Diocese investigating Fr. Joseph Rappl
Posted at 10:32 PM, Apr 05, 2018
and last updated 2018-12-14 15:51:34-05

“I just tried to be, you know, someone who was good and attended Mass and went to confession.”

It was after that confession decades ago that an 11-year-old altar boy in Lewiston says he was abused by a Diocese of Buffalo priest.

“I had asked to have a confession, and after the confession he sexually abused me,” said the man, who was identified Thursday as “John Doe” at a news conference in Buffalo, where he spoke by telephone to reporters.

The church was St. Peter in Lewiston. The priest: Father Joseph Rappl. That 11-year-old altar boy is 48 now. Even decades later, he is too ashamed to give his name.

“It’s very difficult to talk about,” he said. “I felt embarrassed. I felt ashamed. I didn’t know how people would respond. You know, it took this long for me to have the courage to come forward and speak about this.”

The man came forward Monday with the help of Dr. Robert Hoatson, a former priest who helped blow the lid off the sexual abuse scandal in February and who vouches for the credibility of the latest victim.

“People don’t make this up,” Hoatson said. 

The man said Father Rappl abused him just once, but it scarred him for life.

“At the time, I didn’t process it very well,” he said. “I didn’t know how to process it. I was 11.” 

The 7 Eyewitness News I-Team called Rappl at his home in North Carolina to respond to the allegations, but he did not respond to a message left for comment. 

After hearing the allegation, the I-Team pored through diocesan church directories and found the timeline on John Doe’s story matched up to Rappl’s assignment history.

St. Peter’s in Lewiston was Rappl’s first assignment after his 1978 ordination.. He stayed there until he was transferred to St. Catherine of Siena in West Seneca in 1983.

After three years, the diocese sent Rappl to the outskirts of the diocese at St. Mary’s Church in the Orleans County village of Holley. He is then listed as a military chaplain in California, New York, Washington, D.C., and North Carolina. He disappears from the directories in 2000.

Diocesan spokesman George Richert promises a full investigation, saying, “It is a very new allegation and it will be given as much seriousness as any case. We take any claim like this very seriously and there is a process that we will take step-by-step.”

One piece of information sticks out in the diocesan records. 

In 1999, one year before he apparently stopped operating as a priest, Rappl’s address is listed as “c/o 795 Main Street” -- the address of diocesan headquarters. Experts say the diocese sometimes used that term as code to hide a troubled priest.

“In many occasions that’s code for some sort of treatment involving pedophilia,” said Mitchell Garabedian, a Boston attorney who was portrayed in the movie “Spotlight” and who is representing John Doe.

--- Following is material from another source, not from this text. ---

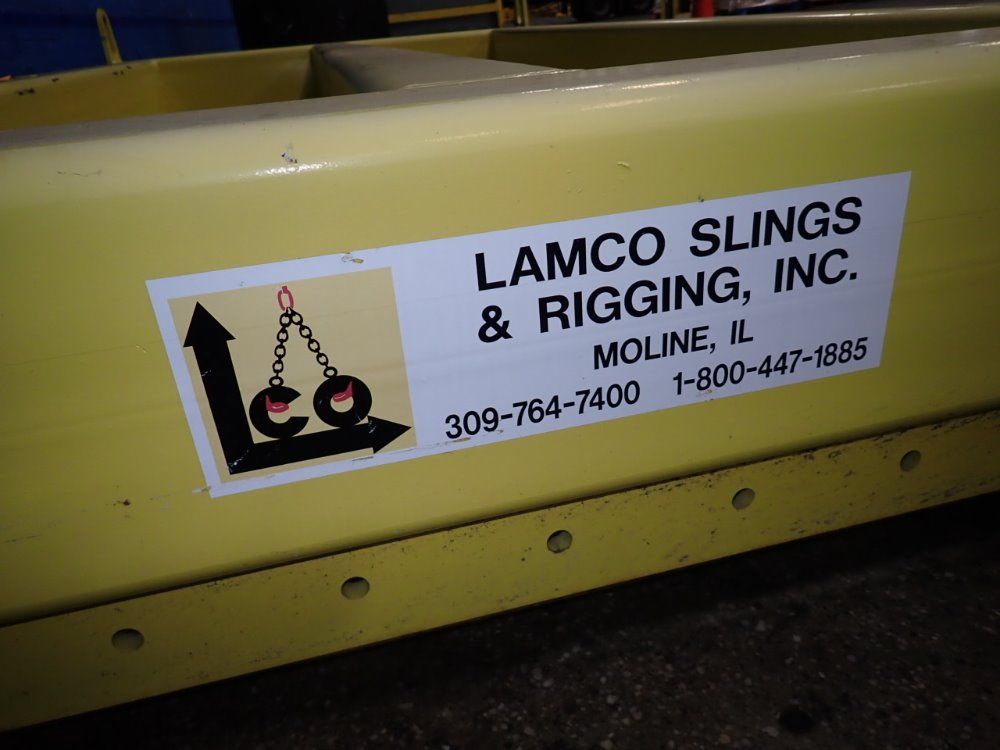 Lamco Cap Lift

Rappl now lives in North Carolina and calls himself on his LinkedIn page a “married Roman Catholic priest” who has “left the clerical state” but is part of a group of “married and resigned priests” who perform certain sacraments like weddings and baptisms.

More pressing is that he serves as a counselor at Camp Turner, an overnight camp in the Southern Tier for young boys and girls that is run by the Diocese of Buffalo.

Rappl is seen on Camp Turner’s Facebook page planning events for the summer, but the diocese says his involvement in that camp may change.

Richert, the diocesan spokesman, said a full investigation will be conducted into Rappl’s involvement at the camp. He said the fact Rappl was a camp counselor suggests the diocese may not have been aware of any prior abuse allegations.